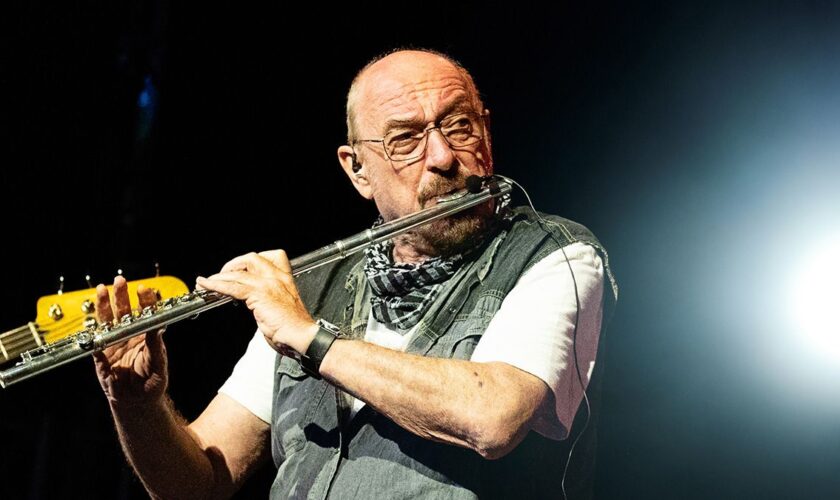 i-jethro-tull-il-29-giugno-all’oversound-music-festival-a-matera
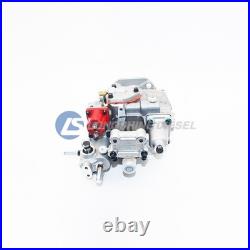 Diesel Engine Part Fuel Injection Pump 3049869 4951437 SP63A01 for Cummins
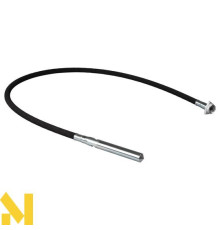 Вал гнучкий Makita 1910C2-9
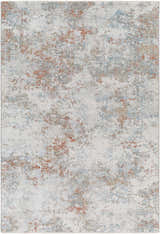 Sample Dinos Thick Luxe Rug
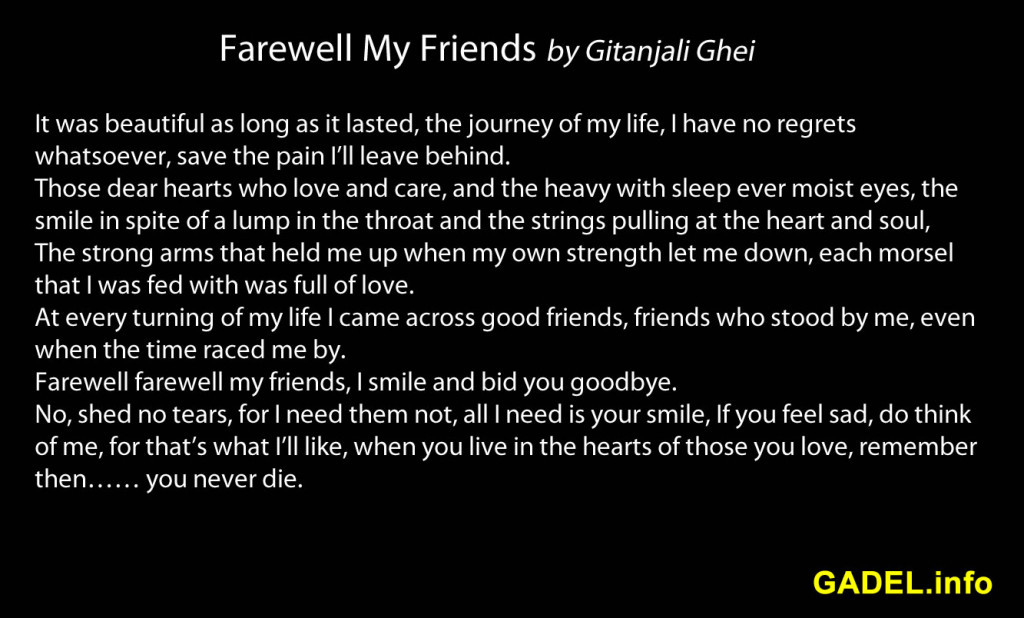 Native American Quotes On Death Of A Loved One
 Native American Farewell Quotes QuotesGram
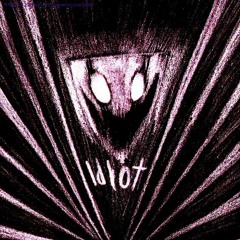 P.R.O.J.E.C.T -Your Best Nightmare Remix (Warning: LOUD...and READ DESCRIPTION)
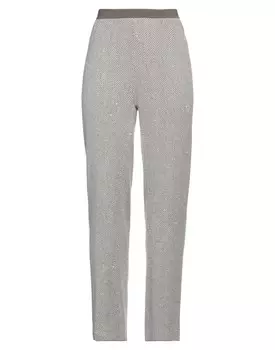 Брюки Gentryportofino, хаки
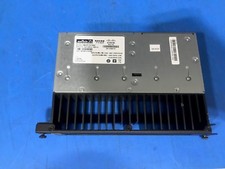 CISCO 341-0385-01 POWER SUPPLY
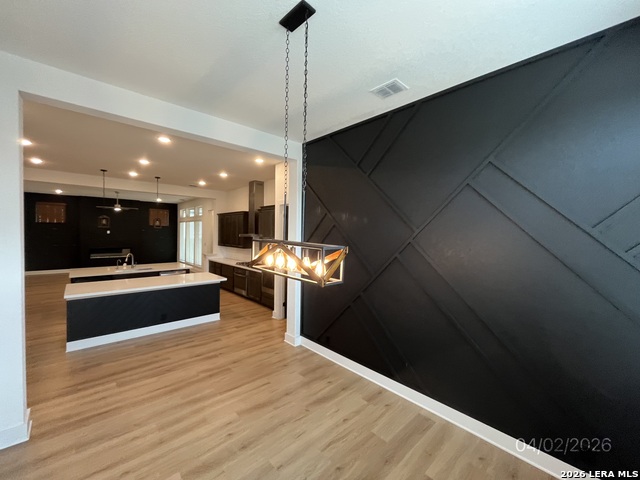 419 Aurora Basin Property Photo 14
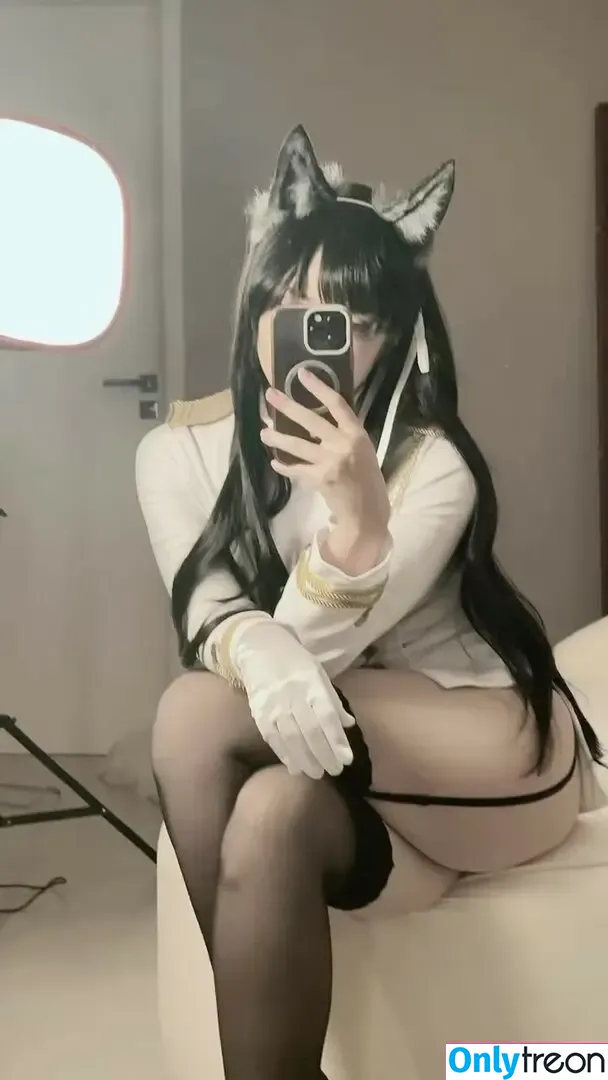 Babsthe Galaxy nude photo #0002 (babsofthegalaxy)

========================

- **What you have to do**
Return exactly the lines of the data, beginning with the first and ending with the line containing "Native American Farewell Quotes QuotesGram". Skip the pictures.

- **Result of the task**
 i-jethro-tull-il-29-giugno-all’oversound-music-festival-a-matera
 Diesel Engine Part Fuel Injection Pump 3049869 4951437 SP63A01 for Cummins
 Вал гнучкий Makita 1910C2-9
 Sample Dinos Thick Luxe Rug
 Native American Quotes On Death Of A Loved One
 Native American Farewell Quotes QuotesGram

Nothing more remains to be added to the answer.